"Ben kimi Ermenilerin bağımsızlık sevdasına şaşmıyorum, hele de büyük devletlerce sürekli tahrik edildiklerini bildikten sonra..Ancak kaçıp Avrupa'ya sığınan, bana kara çalmak, sövmek için gazete çıkaran Jön Türklerin, Ermeni komitacılarıyla işbirliği yapmalarına, hatta onlardan para almalarına hala şaşırıyorum! Hem Osmanlı ülkesini parçalamaktan kurtarmak istediklerini söylüyorlar hem de parçalamak isteyenlerle iş birliği yapıyorlar! Anadolu'nun göbeğinde bir Ermeni devleti kurmak vatan severliğin kanıtı mı olacaktı?" (Abdülhamid'in Anılarıİsmet Bozdağ)

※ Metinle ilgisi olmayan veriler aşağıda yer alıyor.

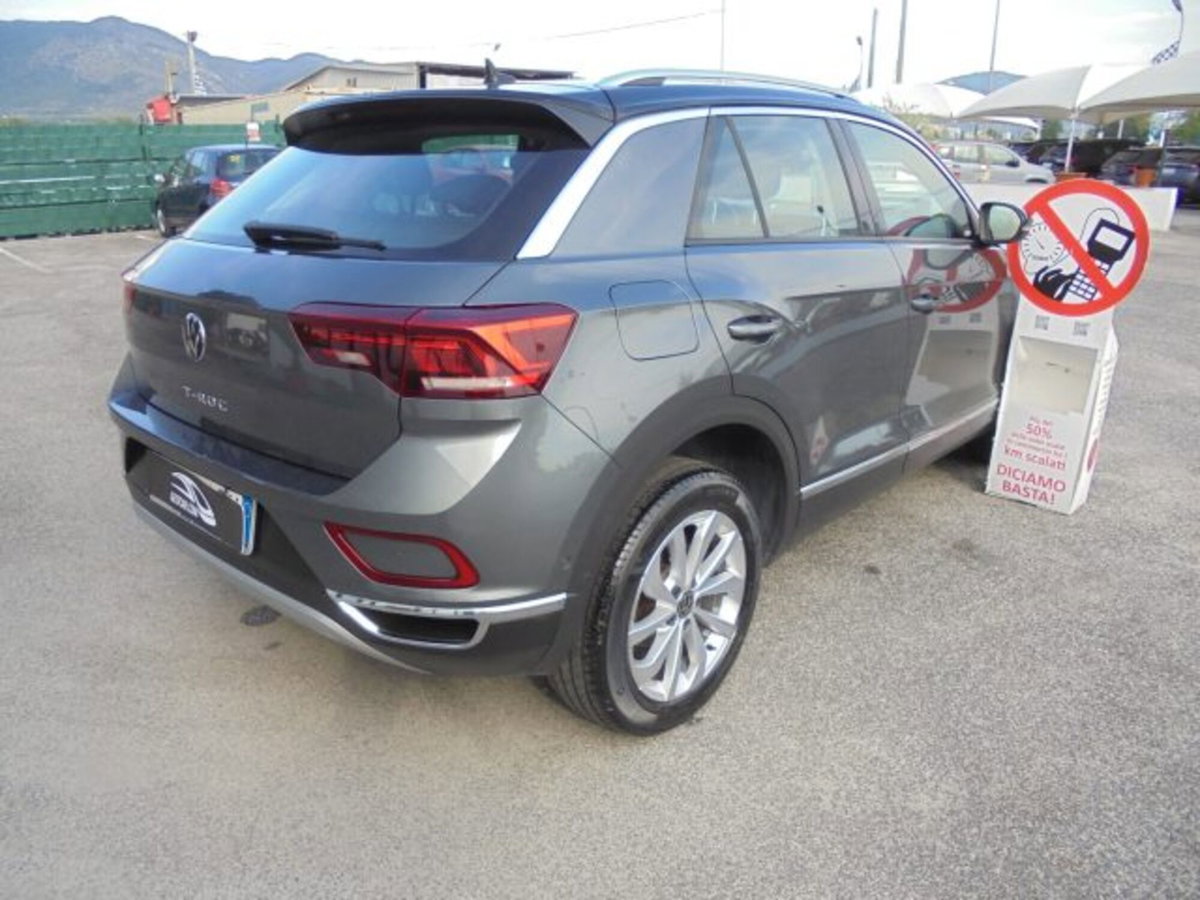 Volkswagen T-Roc 1.0 TSI Style (20)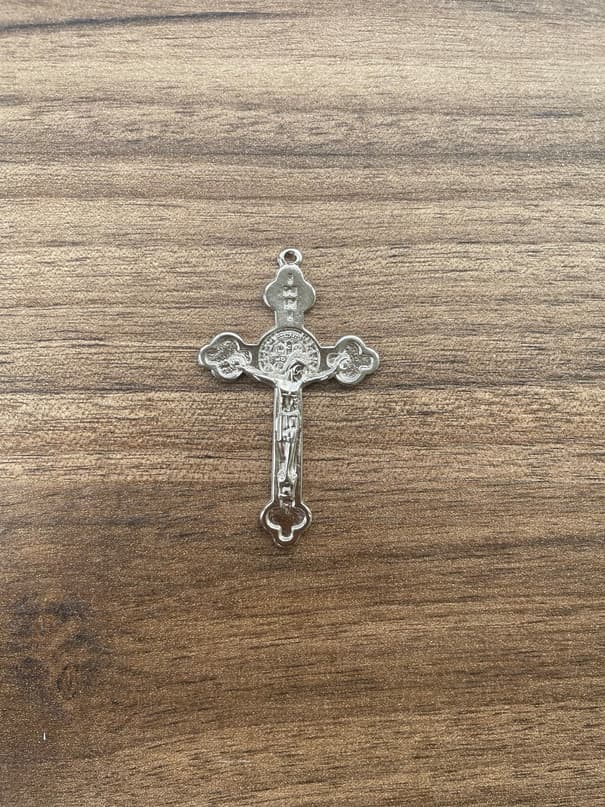 Sao Bento com Medalha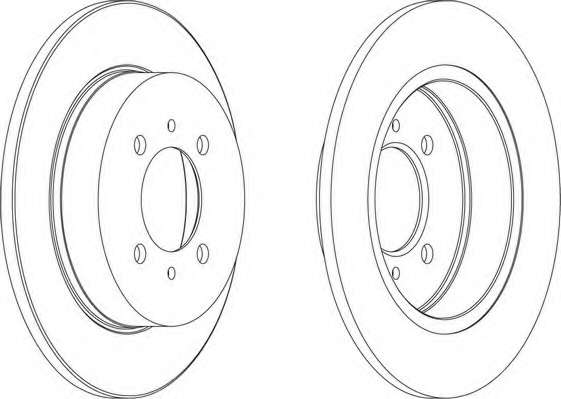 Тормозной диск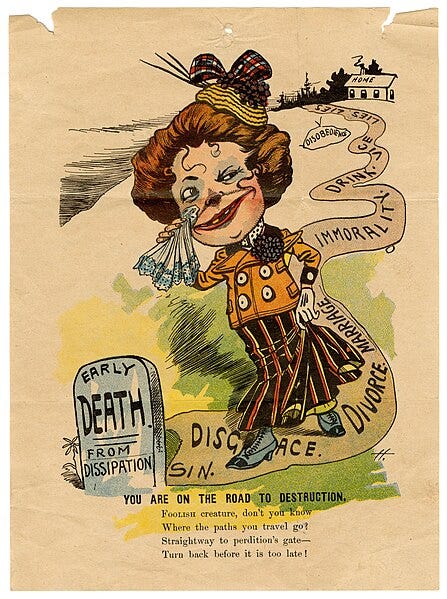 File:You are on the road to destruction - DPLA - d729241d1f0c15f8144805ca96c78213 (page 1).jpg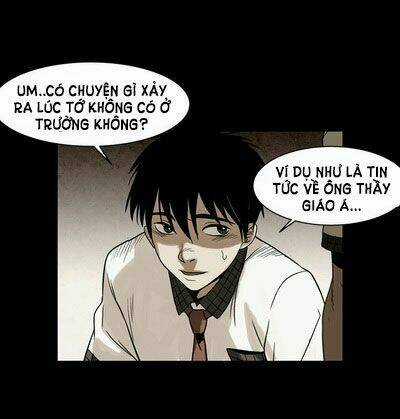 Infectee Chapter 8 trang 56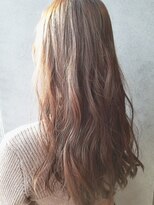 ヘアサロンエム 大宮東口(HAIR SALON M)&nbsp;外ハネボブ/アッシュブラウン/ネオウルフ/デザインカラー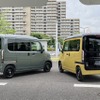 ホンダ N-VAN e: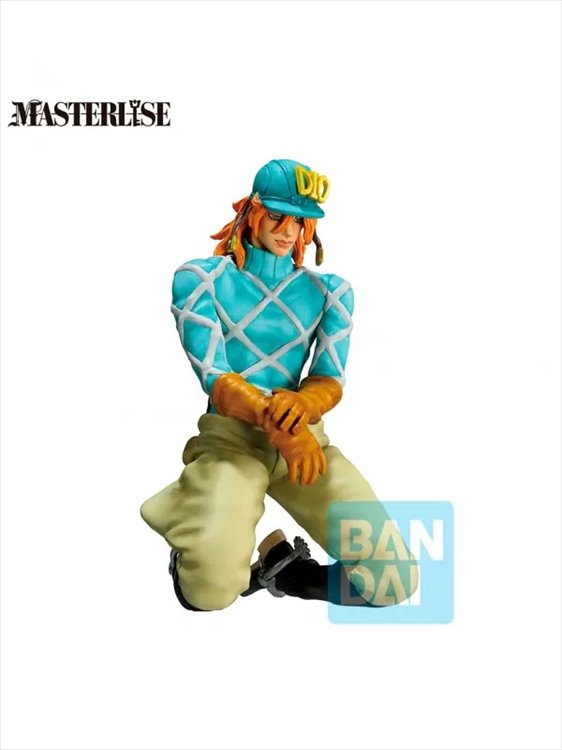 Diego Brando the Gathering of Rivals Figure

Abdülhamid Han'a kara çalmak, ona hakaret etmek hünerden sayılmıştı ta 1950'ye kadar. DP iktidarıyla, ilk dönemde, basının üzerindeki baskı kalkmış, olumlu olmasa bile en azından nesnel içerikli yazılar yayınlanmaya başlamıştı. Tarihçi Kemal Karpat, Abdülhamid'i "şaşırtıcı derecede çok yönlü ve zıt uçları birleştirebilen ender devlet adamlarından biri" olarak değerlendirmişti. Ancak Abdülhamid dönemini ciddi anlamda ve kapsamlı biçimde inceleyen "Evvel Zaman İçinde Tarihimizde Hayal Olmuş Hakikatler" adlı yapıttır.
"Avrupa milletinin laboratuarlarına imreneceğine kılık-kıyafetine imrenen Batı delisi şaşkınlar" diye nitelendirdiği İttihat ve Terakki'nin, Osmanlı İmparatorluğunu parçalamak isteyen devletlerle iş birliğine girmesini, bunu da vatanı kurtarmak adına yaptıklarını söylemesine inanmıyordu. Yıllarca Rum ve Ermeni Ortadoks kiliselerinin birleşmesini engellemk için uğraşan ve başarılı olan sultanın hemen ardından İttihatçılar bu iki kilisenin birleşmesini engelleyen bütün yasaları yürürlükten kaldırmış, ardından da Balkan savaşı çıkmış, başta Edirne, Trakya'da nice toprak elden gitmişti!
Dünyaca tanınmış, Toplum Bilimci Şerif Mardin Abdülhamid dönemini uzun süre incledikten sonra şöyle demiştir: "Sultan Abdülhamid dönemini genellikle gericilik ve baskı dönemi olarak değerlendiririz. Böyle bir görüş gerçeği çok sınırlı bir biçimde yansıtmaktadır. Enver Ziya Karal'ın ilk kez ortaya koyduğu Abdülhamid döneminin aslında bir ilerleme ve gelişme dönemi olduğu görüşü daha önce de anlatılmıştı. Bu gün yapılan her araştırma Abülhamid döneminin, bir açıdan çok önemli bir 'modernleşme' dönemi olduğunu daha açık bir biçimde göstermektedir. " (Şerif Mardi, Türkiye'de Toplum ve Siyaset s 215)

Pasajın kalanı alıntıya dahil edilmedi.